- **Problem details**:
Where the material below has a line containing "Hyundai The New", start repeating exactly, and keep going through the line containing "76 Egmont St APT 3R, Brookline, MA 02446", with no other lines.

- **Records**:
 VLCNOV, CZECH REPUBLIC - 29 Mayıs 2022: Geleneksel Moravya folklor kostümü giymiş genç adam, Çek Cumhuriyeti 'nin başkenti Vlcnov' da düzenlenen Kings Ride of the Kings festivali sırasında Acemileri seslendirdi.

...

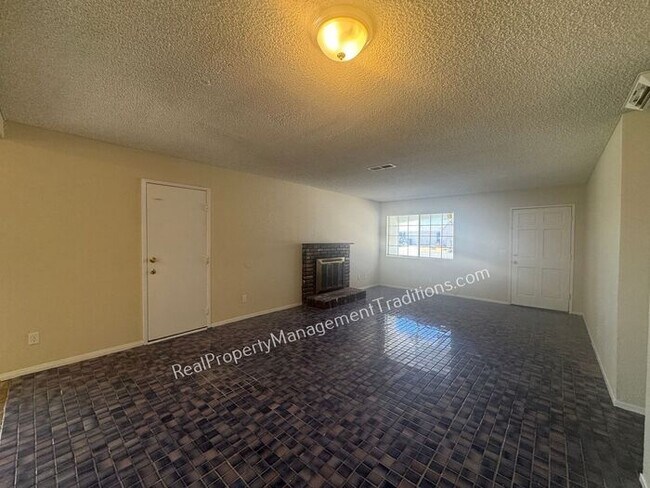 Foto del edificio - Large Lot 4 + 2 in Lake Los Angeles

--

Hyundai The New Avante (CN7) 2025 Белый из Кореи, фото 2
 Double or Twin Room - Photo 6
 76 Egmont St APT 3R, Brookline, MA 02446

- **Answer to this exercise**:
Hyundai The New Avante (CN7) 2025 Белый из Кореи, фото 2
 Double or Twin Room - Photo 6
 76 Egmont St APT 3R, Brookline, MA 02446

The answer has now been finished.